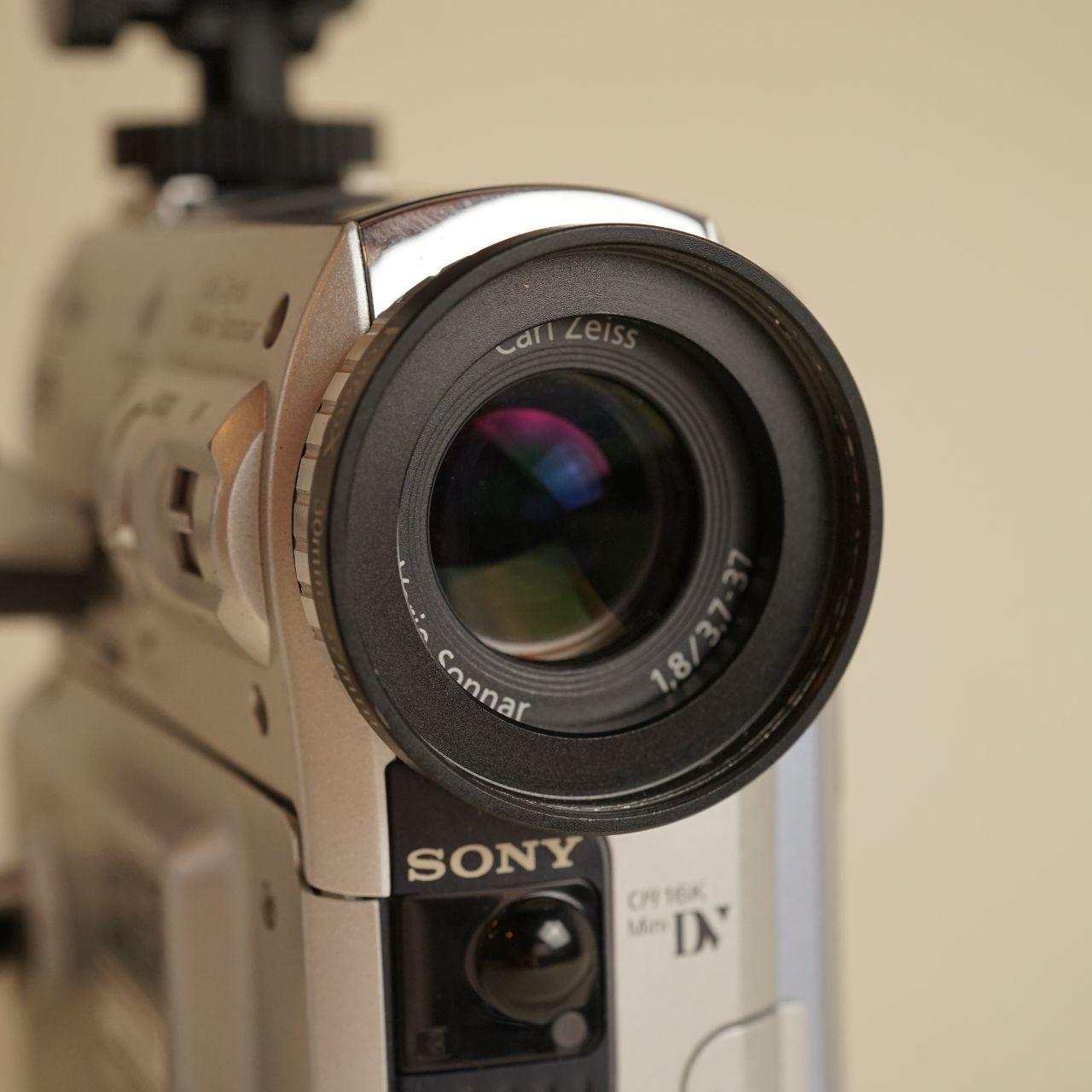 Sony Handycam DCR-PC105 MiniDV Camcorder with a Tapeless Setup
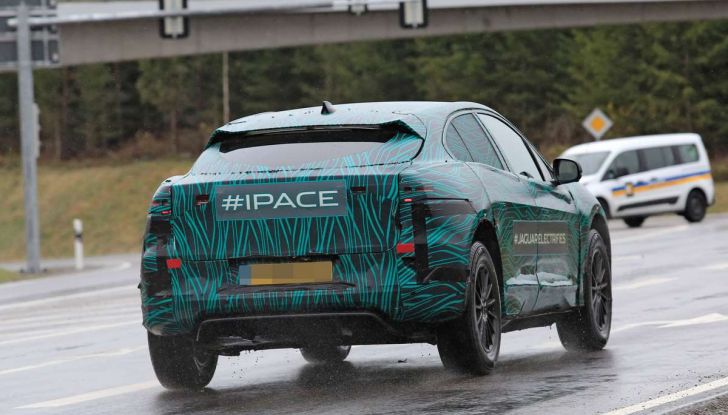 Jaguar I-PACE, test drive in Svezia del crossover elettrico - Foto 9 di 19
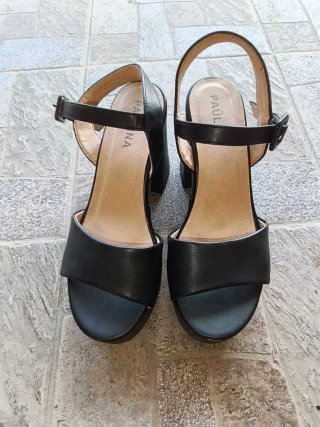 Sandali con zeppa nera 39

REQUIRED WORK
An exact copy of the listing is required; return it without any pictures.

RESPONSE FOR THIS EXERCISE
 Sony Handycam DCR-PC105 MiniDV Camcorder with a Tapeless Setup
 Jaguar I-PACE, test drive in Svezia del crossover elettrico - Foto 9 di 19
 Sandali con zeppa nera 39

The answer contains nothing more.